Following an entire month of sporadic downtime and three full days of consecutive downtime I've felt really bad for Linode, but now they've apparently been breached and have forced all users to change their password. This is a total failure. Combined with their pessimistic locking of my Infinity Development website, I cannot allow myself or my services to be subjected to this any longer. I'm not sure how I'm going to move gigabytes, if not terabytes, of data off 10 servers to a different host, but it will be done in the next month of two.

Current runner up is Digital Ocean.

Discuss.


----------



## cumrobbery (Jan 6, 2016)

Neat!


----------



## Philosophy Zombie (Jan 6, 2016)

linode more like LAME-ode


----------



## John Daker (Jan 6, 2016)

Do we have anything to worry about from the hack?


----------



## RP 520 (Jan 6, 2016)

So we're packing up and going on the server trail?

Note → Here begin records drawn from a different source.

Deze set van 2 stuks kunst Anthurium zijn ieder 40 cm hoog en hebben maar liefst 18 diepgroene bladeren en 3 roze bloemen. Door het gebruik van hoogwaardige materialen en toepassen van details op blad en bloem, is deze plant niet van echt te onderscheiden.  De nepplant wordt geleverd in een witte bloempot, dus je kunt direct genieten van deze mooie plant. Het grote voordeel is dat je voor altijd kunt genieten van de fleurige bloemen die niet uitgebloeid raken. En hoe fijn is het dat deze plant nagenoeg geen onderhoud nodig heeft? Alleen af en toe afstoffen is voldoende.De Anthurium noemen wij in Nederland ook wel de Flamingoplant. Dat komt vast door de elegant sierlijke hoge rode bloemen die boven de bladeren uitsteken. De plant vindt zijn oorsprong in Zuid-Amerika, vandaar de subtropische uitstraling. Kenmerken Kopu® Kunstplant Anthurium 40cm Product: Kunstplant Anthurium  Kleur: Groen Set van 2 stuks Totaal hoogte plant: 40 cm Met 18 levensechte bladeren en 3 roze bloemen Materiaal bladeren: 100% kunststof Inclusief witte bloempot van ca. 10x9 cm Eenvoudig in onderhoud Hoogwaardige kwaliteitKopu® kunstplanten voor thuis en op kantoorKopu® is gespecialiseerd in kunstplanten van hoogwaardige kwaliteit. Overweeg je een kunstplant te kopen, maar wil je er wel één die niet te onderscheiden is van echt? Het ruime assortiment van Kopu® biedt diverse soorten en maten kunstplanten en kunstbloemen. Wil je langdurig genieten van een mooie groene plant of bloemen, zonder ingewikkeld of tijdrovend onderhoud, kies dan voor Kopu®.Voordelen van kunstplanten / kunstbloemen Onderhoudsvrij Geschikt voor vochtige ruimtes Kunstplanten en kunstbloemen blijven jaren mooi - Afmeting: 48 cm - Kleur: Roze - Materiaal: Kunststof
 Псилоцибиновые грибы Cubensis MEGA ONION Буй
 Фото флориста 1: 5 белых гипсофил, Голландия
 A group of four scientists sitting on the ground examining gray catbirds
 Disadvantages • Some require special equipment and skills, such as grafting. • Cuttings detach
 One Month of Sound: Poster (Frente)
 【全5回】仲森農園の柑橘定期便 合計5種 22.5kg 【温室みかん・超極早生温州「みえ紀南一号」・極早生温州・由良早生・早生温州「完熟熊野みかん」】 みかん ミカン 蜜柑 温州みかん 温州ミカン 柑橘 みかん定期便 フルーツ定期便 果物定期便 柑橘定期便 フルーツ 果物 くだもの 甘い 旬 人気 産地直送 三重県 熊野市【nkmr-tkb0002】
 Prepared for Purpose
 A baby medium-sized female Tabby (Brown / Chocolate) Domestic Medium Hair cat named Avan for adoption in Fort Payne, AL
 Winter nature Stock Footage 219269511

Who will die of dysentery?


----------



## Pina Colada (Jan 6, 2016)

Just as long as we can all continue to keep track of all the gossip in the Kiwi Family!


----------



## JU 199 (Jan 6, 2016)

Linode? More like shitode!


----------



## Null (Jan 6, 2016)

John Daker said:


> Do we have anything to worry about from the hack?


No idea.



King n Yellow said:


> So we're packing up and going on the server trail? Who will die of dysentery?


Chris, hopefully.



ShiningPokeStar said:


> Just as long as we can all continue to keep track of all the gossip in the Kiwi Family!


Running an Internet retard TMZ is hard work.


----------



## GS 281 (Jan 6, 2016)

Very smart. These people are retarded.


----------



## ATM (Jan 6, 2016)

just shut it all down dude, lolcows were a mistake


----------



## chimpburgers (Jan 6, 2016)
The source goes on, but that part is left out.